[EXERCISE DATA Boundary: Start]

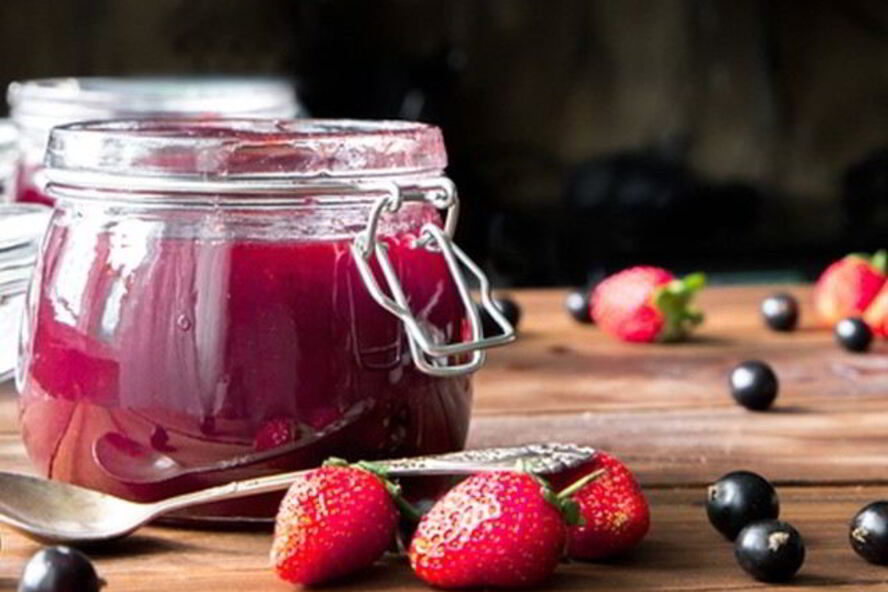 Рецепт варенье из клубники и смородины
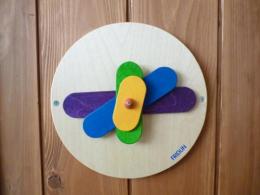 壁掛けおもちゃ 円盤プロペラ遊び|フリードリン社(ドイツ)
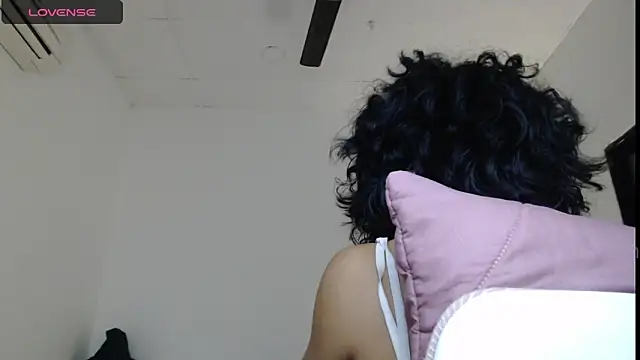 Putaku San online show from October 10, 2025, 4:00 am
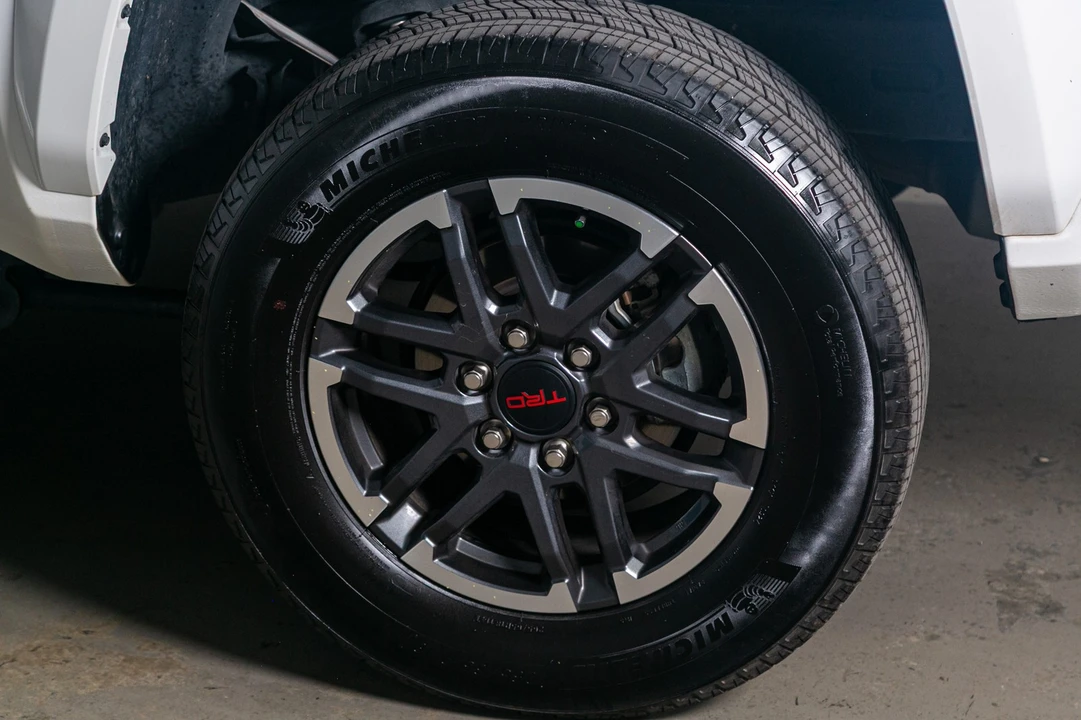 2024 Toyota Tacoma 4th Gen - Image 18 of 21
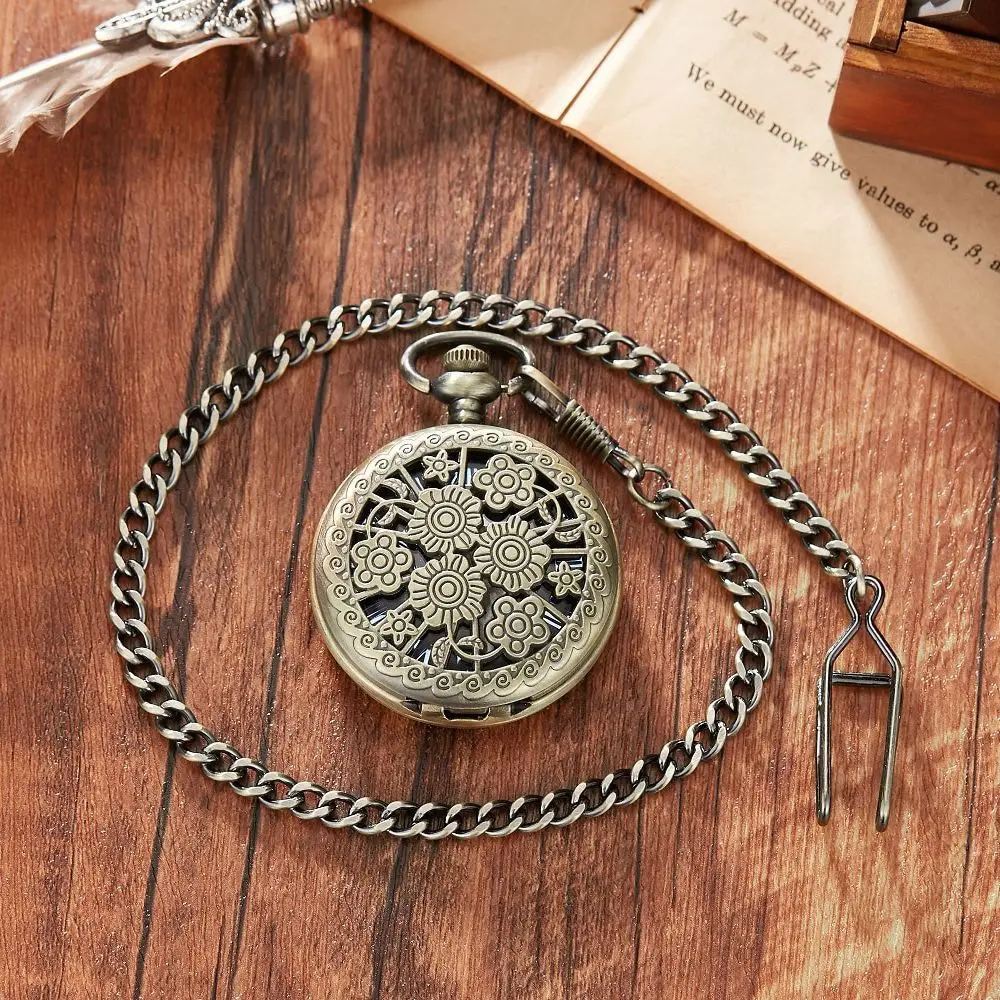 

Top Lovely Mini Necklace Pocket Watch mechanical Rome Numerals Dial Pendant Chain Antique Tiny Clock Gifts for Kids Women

[EXERCISE DATA Boundary: End]

● TASK DETAILS
What you write must match, line for line, the records from the line containing "壁掛けおもちゃ 円盤プロペラ遊び|フリードリン社(ドイツ)" through the last line, with every picture left out.

● RESULT FOR THIS TASK
 壁掛けおもちゃ 円盤プロペラ遊び|フリードリン社(ドイツ)
 Putaku San online show from October 10, 2025, 4:00 am
 2024 Toyota Tacoma 4th Gen - Image 18 of 21

Top Lovely Mini Necklace Pocket Watch mechanical Rome Numerals Dial Pendant Chain Antique Tiny Clock Gifts for Kids Women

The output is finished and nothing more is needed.